GILL KNOWS LOCAL CONDITIONS
Shubman Gill had scores of 83 and 204 not out batting in middle-order in the first ‘A’ Test. (Source: File Photo)
Arguments can be leveraged for both. Gill has been in New Zealand for more than a month, and hence more accustomed to the conditions. He has been staggeringly successful too—stroking a hundred in Lincoln last week after gobbling up a breezy double hundred in Christchurch against the New Zealand A side. The crew of bowlers he faced might not induce terror in batsmen, nonetheless, his acquaintance with the conditions could push his case. Little things he might have learnt could prove beneficial.
Like not to play the pull shots when there is wind, as he explained in an interaction. “Keeping the wind factor in mind, it was not that easy to consistently pull and hook the ball. It’s one thing I learned during the trip here,” he said.
Moreover, he showed his adaptability to different roles too. In Christchurch, where he scored the double hundred, he came at No 4. In Lincoln, his hundred arrived as an opener. As he had shown throughout his career, he’s flexible and comfortable with roles. He understands the peculiar demands too. “When you are opening, obviously you have to face the new ball and facing the new ball wherever is a challenge, you have to set the game for the whole team, you have to set the base for the other batsmen coming in so that it will be easy for them. That’s the difference between the two positions.”
There is also a school of thought that he’s a more compact batsman than Shaw, who can at times be loose outside the off-stump. His biggest strength is often his weakness too, his over-aggro outside the off-stump, his tendency to slash hard at anything fractionally short or wide outside the off-stump. There are ample evidence of his offside indulgences in the ODIs. Gill, on the other hand, is more judicious, blessed with a supreme discretion outside the off-stump, which could be valuable in neutralising the threat of Trent Boult, Tim Southee and Neil Wagner, as potent a bowling trio as any in the world.
SHAW CAN SEIZE THE MOMENTUM
Prithvi Shaw celebrating his maiden century on his Test debut against West Indies in October 2018. (Source: PTI Photo)
But Shaw brings different virtues to the table. He can get teams off to supersonic starts, seize the momentum and push bowlers onto the back-foot straightaway. If he stays for at least one session, he would leave the bowlers wracked. On his Test debut, he almost racked up a hundred in one session and has the smarts to negotiate difficult periods. But the swing and seam of New Zealand pitches would interrogate his technique, especially his tendency to slash and swipe outside the off-stump without moving his feet. There is a certain amount of risk in his batting, but Gill isn’t foolproof either.

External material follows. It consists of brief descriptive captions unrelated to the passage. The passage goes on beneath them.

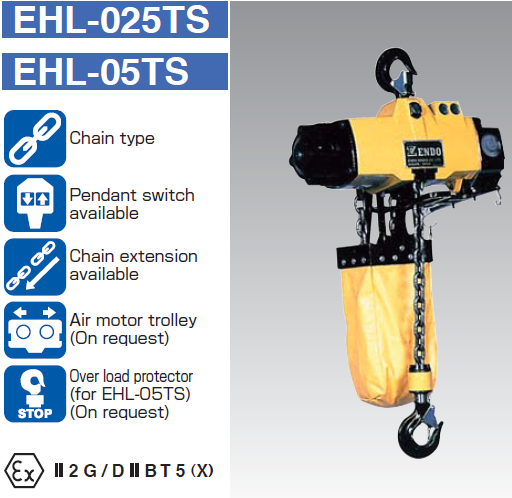 �ձ��h��ENDO��Ӻ��J EHL-025TS EHL-049TS�h(hu��n)朚�Ӻ��J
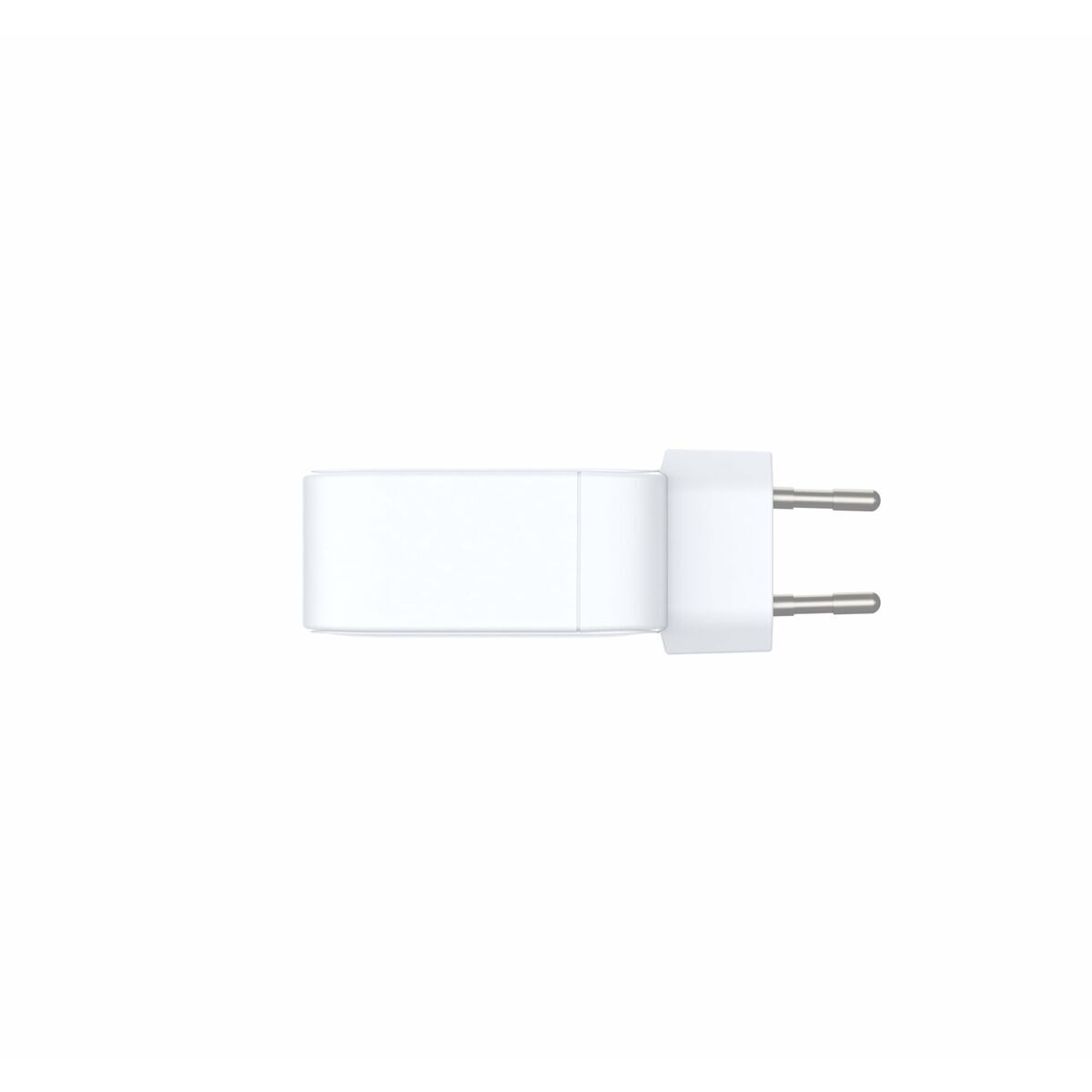Wall Charger D - Link DCP - 101 White 100 W - GearHaus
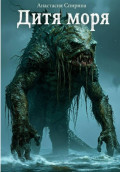 Дитя моря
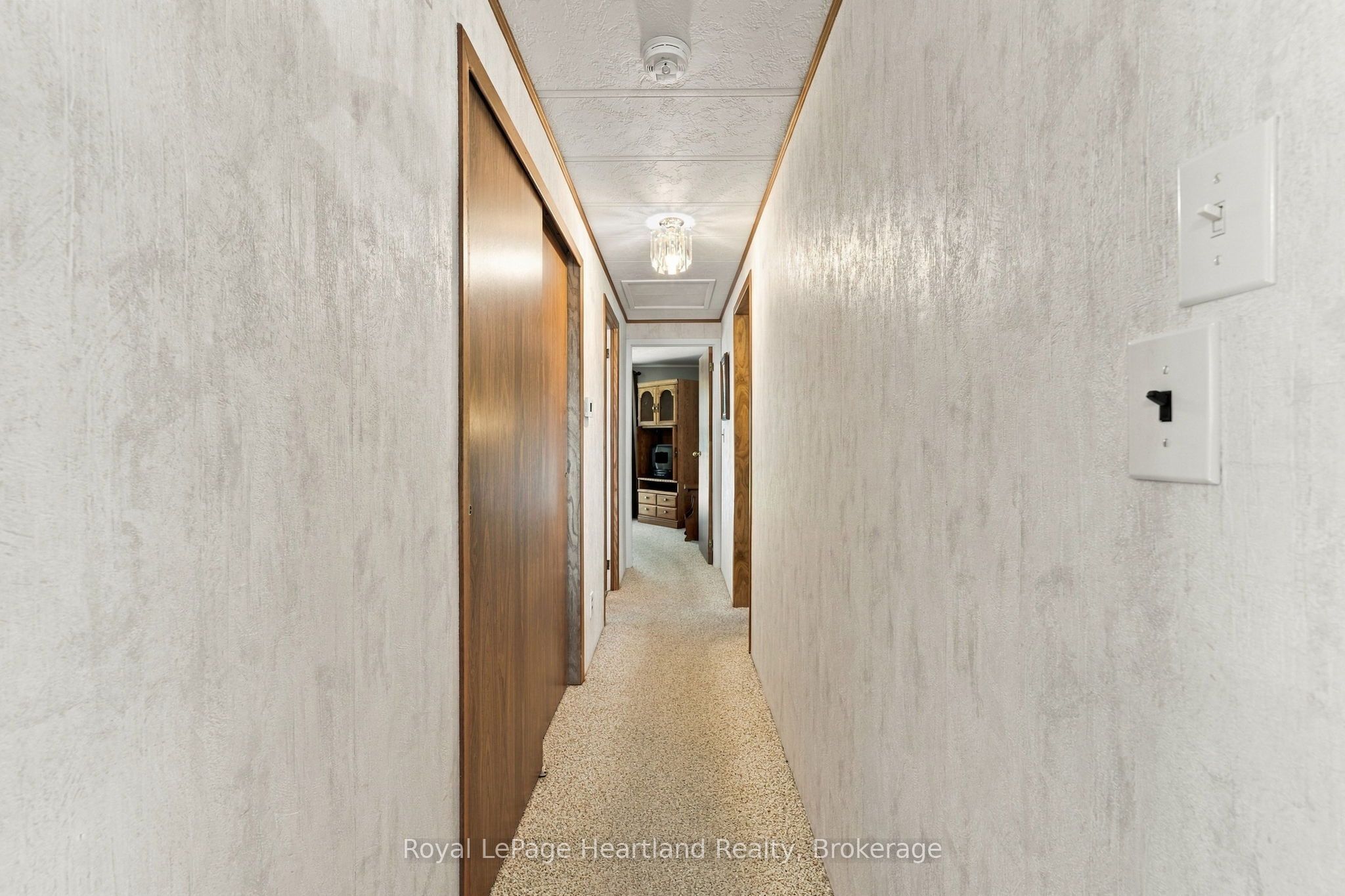 38 Miller Street Property Photo 22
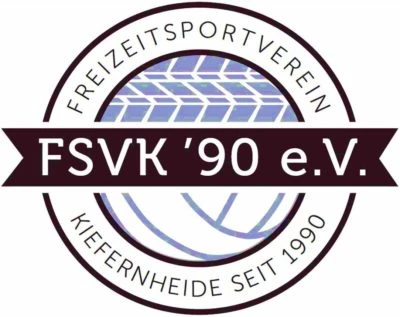 Freizeitsportverein Kiefernheide 1990 e. V.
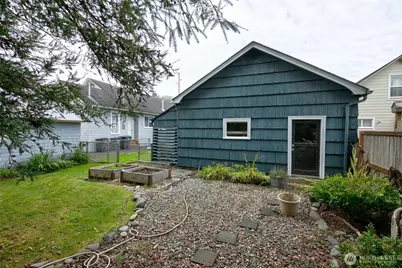 148 Eklund Avenue, Hoquiam, WA 98550 - Photo 7
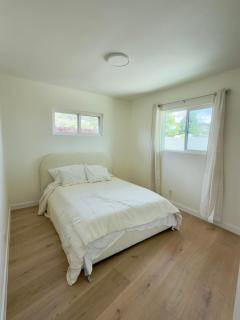 Ocean View Luxury 5BR Modern Coastal Home - 3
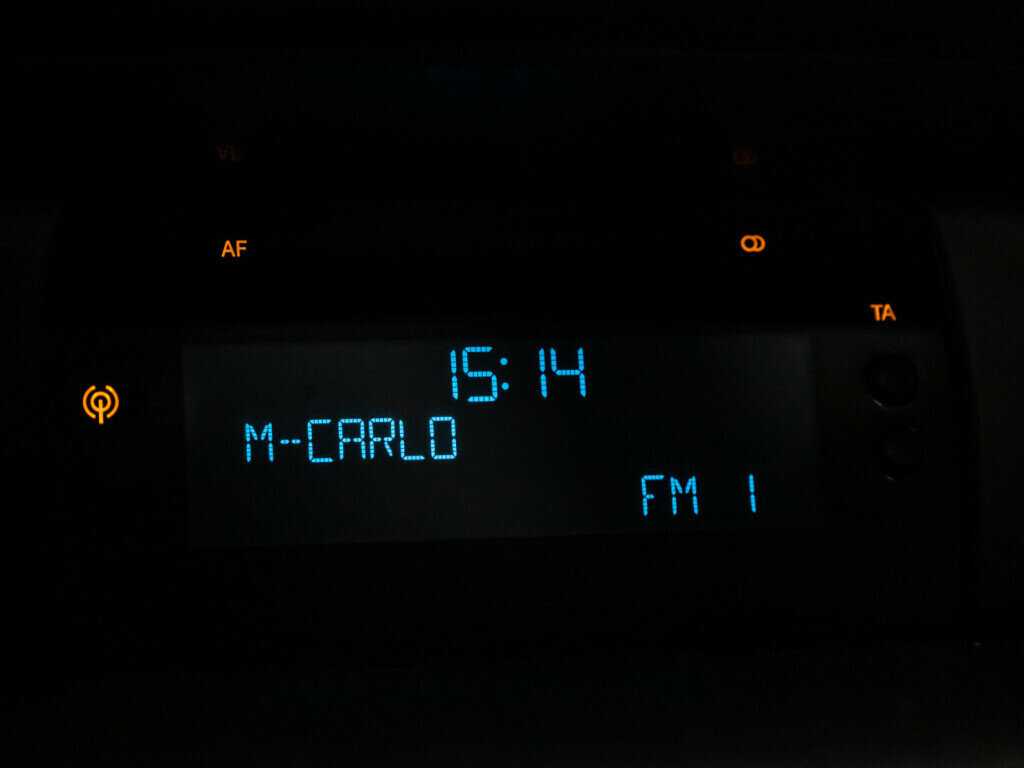 Купить Форд Фокус, 2017, 43 025 км.. Фото: #11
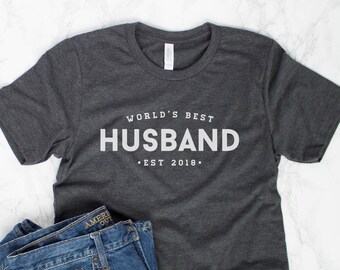 etsy gift for husband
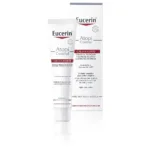 Atopicontrol - Atopicontrol Strong Cream by Eucerin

Moreover, Gill is not as experienced as Shaw in dealing with high-class bowlers. And as promising as Gill is, would the team management have the confidence of throwing him into the deep end in the first Test of a series in conditions that have historically aided swing bowlers? Gill’s chances could have been brighter if the vacant slot was in the middle order.
Shaw’s backers would argue that he got into the Test team first and hence deserves the priority. Gill’s supporters would contend that he was the third opener in the last two-Test series, and hence more deserving of an opportunity.
Their fielding skills too could be a determining factor. Shaw could be sloppy and casual at times, evidenced in his lethargic running between the wickets that cost him in Mount Maunganui. Gill, on the other hand, is superbly fit and throws his body around in the field.
The choice, thus, could eventually boil down to a lot of factors like the conditions in Wellington and the runs they score in the warm-up game in Hamilton. In that sense, the warm-up match, which’s a non-first-class fixture, assumes considerable significance, with the potential to add a chapter in their coming-of-age narrative. But it wouldn’t keep chasing shadows of comparison. A hyphen that would remain unhyphenated for years to come.